(Beginning of Exercise data)

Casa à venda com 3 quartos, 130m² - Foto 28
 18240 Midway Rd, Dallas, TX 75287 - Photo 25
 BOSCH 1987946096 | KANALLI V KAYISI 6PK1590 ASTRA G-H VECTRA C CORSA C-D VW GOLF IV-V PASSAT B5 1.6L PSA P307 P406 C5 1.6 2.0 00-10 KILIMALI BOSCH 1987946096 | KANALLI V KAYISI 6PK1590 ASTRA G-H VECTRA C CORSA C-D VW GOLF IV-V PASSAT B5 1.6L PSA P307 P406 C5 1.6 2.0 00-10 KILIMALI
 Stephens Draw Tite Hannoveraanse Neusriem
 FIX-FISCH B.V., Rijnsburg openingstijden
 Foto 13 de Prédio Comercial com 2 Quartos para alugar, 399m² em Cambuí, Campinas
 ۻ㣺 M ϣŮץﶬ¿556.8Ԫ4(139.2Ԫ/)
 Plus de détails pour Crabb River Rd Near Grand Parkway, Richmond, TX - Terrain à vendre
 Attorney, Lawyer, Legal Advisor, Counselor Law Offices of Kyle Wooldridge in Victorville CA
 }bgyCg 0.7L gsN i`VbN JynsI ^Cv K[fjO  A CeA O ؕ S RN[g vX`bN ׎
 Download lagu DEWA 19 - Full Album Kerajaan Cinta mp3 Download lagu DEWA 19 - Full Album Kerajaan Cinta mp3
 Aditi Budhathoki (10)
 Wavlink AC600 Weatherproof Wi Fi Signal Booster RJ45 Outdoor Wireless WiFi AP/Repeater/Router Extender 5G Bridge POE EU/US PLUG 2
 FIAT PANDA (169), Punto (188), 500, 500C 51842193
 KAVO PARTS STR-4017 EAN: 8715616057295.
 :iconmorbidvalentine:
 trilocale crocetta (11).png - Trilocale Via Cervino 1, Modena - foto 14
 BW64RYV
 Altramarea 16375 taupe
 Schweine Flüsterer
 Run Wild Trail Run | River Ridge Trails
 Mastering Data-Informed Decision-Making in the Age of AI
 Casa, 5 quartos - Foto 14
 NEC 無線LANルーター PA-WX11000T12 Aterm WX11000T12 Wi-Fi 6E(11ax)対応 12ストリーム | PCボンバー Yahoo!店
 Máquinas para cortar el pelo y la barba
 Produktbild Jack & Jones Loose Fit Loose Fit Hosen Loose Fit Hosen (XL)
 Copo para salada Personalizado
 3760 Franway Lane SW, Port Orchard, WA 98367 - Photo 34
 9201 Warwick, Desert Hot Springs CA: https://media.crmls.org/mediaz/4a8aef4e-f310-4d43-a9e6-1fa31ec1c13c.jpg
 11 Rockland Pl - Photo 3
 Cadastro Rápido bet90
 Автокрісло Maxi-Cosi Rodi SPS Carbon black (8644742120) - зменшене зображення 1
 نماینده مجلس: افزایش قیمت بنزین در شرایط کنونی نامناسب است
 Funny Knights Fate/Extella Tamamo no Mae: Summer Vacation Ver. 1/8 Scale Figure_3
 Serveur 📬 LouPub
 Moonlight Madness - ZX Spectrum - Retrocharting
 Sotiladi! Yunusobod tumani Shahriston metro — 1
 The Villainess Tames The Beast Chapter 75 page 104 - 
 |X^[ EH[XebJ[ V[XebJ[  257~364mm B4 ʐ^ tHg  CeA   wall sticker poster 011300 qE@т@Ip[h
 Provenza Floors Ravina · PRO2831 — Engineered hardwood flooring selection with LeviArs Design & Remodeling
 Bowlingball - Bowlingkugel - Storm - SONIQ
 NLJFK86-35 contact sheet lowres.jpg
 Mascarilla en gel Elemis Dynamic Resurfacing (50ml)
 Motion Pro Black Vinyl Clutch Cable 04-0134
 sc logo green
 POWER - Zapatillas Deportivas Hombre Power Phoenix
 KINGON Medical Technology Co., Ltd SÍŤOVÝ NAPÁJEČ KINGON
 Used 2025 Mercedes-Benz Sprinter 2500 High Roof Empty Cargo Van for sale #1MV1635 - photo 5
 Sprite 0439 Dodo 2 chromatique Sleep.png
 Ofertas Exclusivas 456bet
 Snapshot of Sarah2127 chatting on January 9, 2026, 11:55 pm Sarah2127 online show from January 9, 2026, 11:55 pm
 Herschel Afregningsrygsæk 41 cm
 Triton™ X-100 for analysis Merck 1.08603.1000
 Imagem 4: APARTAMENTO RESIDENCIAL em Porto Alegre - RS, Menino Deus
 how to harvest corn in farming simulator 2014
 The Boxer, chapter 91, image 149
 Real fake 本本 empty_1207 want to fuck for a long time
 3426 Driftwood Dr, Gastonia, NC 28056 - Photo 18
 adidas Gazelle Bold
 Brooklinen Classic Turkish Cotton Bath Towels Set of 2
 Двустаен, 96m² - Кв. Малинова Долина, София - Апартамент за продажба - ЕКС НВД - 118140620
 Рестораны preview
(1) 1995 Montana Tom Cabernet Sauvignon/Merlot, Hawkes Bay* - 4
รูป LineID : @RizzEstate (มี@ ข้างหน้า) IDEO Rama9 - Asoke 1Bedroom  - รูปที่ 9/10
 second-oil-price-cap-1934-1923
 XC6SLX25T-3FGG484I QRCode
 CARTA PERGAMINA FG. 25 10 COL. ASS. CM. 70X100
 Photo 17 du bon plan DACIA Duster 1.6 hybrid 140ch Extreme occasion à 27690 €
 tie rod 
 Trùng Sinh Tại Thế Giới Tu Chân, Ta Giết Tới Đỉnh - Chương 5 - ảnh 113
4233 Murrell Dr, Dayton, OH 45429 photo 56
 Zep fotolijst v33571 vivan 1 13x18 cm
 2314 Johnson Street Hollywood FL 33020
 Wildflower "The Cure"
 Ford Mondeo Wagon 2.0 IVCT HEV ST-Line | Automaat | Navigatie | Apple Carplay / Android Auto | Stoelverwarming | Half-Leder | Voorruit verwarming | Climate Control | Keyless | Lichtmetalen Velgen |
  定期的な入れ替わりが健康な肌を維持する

(End of Exercise data)

From the first line to the last, copy the data exactly.

▶ **Task answer**
Casa à venda com 3 quartos, 130m² - Foto 28
 18240 Midway Rd, Dallas, TX 75287 - Photo 25
 BOSCH 1987946096 | KANALLI V KAYISI 6PK1590 ASTRA G-H VECTRA C CORSA C-D VW GOLF IV-V PASSAT B5 1.6L PSA P307 P406 C5 1.6 2.0 00-10 KILIMALI BOSCH 1987946096 | KANALLI V KAYISI 6PK1590 ASTRA G-H VECTRA C CORSA C-D VW GOLF IV-V PASSAT B5 1.6L PSA P307 P406 C5 1.6 2.0 00-10 KILIMALI
 Stephens Draw Tite Hannoveraanse Neusriem
 FIX-FISCH B.V., Rijnsburg openingstijden
 Foto 13 de Prédio Comercial com 2 Quartos para alugar, 399m² em Cambuí, Campinas
 ۻ㣺 M ϣŮץﶬ¿556.8Ԫ4(139.2Ԫ/)
 Plus de détails pour Crabb River Rd Near Grand Parkway, Richmond, TX - Terrain à vendre
 Attorney, Lawyer, Legal Advisor, Counselor Law Offices of Kyle Wooldridge in Victorville CA
 }bgyCg 0.7L gsN i`VbN JynsI ^Cv K[fjO  A CeA O ؕ S RN[g vX`bN ׎
 Download lagu DEWA 19 - Full Album Kerajaan Cinta mp3 Download lagu DEWA 19 - Full Album Kerajaan Cinta mp3
 Aditi Budhathoki (10)
 Wavlink AC600 Weatherproof Wi Fi Signal Booster RJ45 Outdoor Wireless WiFi AP/Repeater/Router Extender 5G Bridge POE EU/US PLUG 2
 FIAT PANDA (169), Punto (188), 500, 500C 51842193
 KAVO PARTS STR-4017 EAN: 8715616057295.
 :iconmorbidvalentine:
 trilocale crocetta (11).png - Trilocale Via Cervino 1, Modena - foto 14
 BW64RYV
 Altramarea 16375 taupe
 Schweine Flüsterer
 Run Wild Trail Run | River Ridge Trails
 Mastering Data-Informed Decision-Making in the Age of AI
 Casa, 5 quartos - Foto 14
 NEC 無線LANルーター PA-WX11000T12 Aterm WX11000T12 Wi-Fi 6E(11ax)対応 12ストリーム | PCボンバー Yahoo!店
 Máquinas para cortar el pelo y la barba
 Produktbild Jack & Jones Loose Fit Loose Fit Hosen Loose Fit Hosen (XL)
 Copo para salada Personalizado
 3760 Franway Lane SW, Port Orchard, WA 98367 - Photo 34
 9201 Warwick, Desert Hot Springs CA: https://media.crmls.org/mediaz/4a8aef4e-f310-4d43-a9e6-1fa31ec1c13c.jpg
 11 Rockland Pl - Photo 3
 Cadastro Rápido bet90
 Автокрісло Maxi-Cosi Rodi SPS Carbon black (8644742120) - зменшене зображення 1
 نماینده مجلس: افزایش قیمت بنزین در شرایط کنونی نامناسب است
 Funny Knights Fate/Extella Tamamo no Mae: Summer Vacation Ver. 1/8 Scale Figure_3
 Serveur 📬 LouPub
 Moonlight Madness - ZX Spectrum - Retrocharting
 Sotiladi! Yunusobod tumani Shahriston metro — 1
 The Villainess Tames The Beast Chapter 75 page 104 - 
 |X^[ EH[XebJ[ V[XebJ[  257~364mm B4 ʐ^ tHg  CeA   wall sticker poster 011300 qE@т@Ip[h
 Provenza Floors Ravina · PRO2831 — Engineered hardwood flooring selection with LeviArs Design & Remodeling
 Bowlingball - Bowlingkugel - Storm - SONIQ
 NLJFK86-35 contact sheet lowres.jpg
 Mascarilla en gel Elemis Dynamic Resurfacing (50ml)
 Motion Pro Black Vinyl Clutch Cable 04-0134
 sc logo green
 POWER - Zapatillas Deportivas Hombre Power Phoenix
 KINGON Medical Technology Co., Ltd SÍŤOVÝ NAPÁJEČ KINGON
 Used 2025 Mercedes-Benz Sprinter 2500 High Roof Empty Cargo Van for sale #1MV1635 - photo 5
 Sprite 0439 Dodo 2 chromatique Sleep.png
 Ofertas Exclusivas 456bet
 Snapshot of Sarah2127 chatting on January 9, 2026, 11:55 pm Sarah2127 online show from January 9, 2026, 11:55 pm
 Herschel Afregningsrygsæk 41 cm
 Triton™ X-100 for analysis Merck 1.08603.1000
 Imagem 4: APARTAMENTO RESIDENCIAL em Porto Alegre - RS, Menino Deus
 how to harvest corn in farming simulator 2014
 The Boxer, chapter 91, image 149
 Real fake 本本 empty_1207 want to fuck for a long time
 3426 Driftwood Dr, Gastonia, NC 28056 - Photo 18
 adidas Gazelle Bold
 Brooklinen Classic Turkish Cotton Bath Towels Set of 2
 Двустаен, 96m² - Кв. Малинова Долина, София - Апартамент за продажба - ЕКС НВД - 118140620
 Рестораны preview
(1) 1995 Montana Tom Cabernet Sauvignon/Merlot, Hawkes Bay* - 4
รูป LineID : @RizzEstate (มี@ ข้างหน้า) IDEO Rama9 - Asoke 1Bedroom  - รูปที่ 9/10
 second-oil-price-cap-1934-1923
 XC6SLX25T-3FGG484I QRCode
 CARTA PERGAMINA FG. 25 10 COL. ASS. CM. 70X100
 Photo 17 du bon plan DACIA Duster 1.6 hybrid 140ch Extreme occasion à 27690 €
 tie rod 
 Trùng Sinh Tại Thế Giới Tu Chân, Ta Giết Tới Đỉnh - Chương 5 - ảnh 113
4233 Murrell Dr, Dayton, OH 45429 photo 56
 Zep fotolijst v33571 vivan 1 13x18 cm
 2314 Johnson Street Hollywood FL 33020
 Wildflower "The Cure"
 Ford Mondeo Wagon 2.0 IVCT HEV ST-Line | Automaat | Navigatie | Apple Carplay / Android Auto | Stoelverwarming | Half-Leder | Voorruit verwarming | Climate Control | Keyless | Lichtmetalen Velgen |
  定期的な入れ替わりが健康な肌を維持する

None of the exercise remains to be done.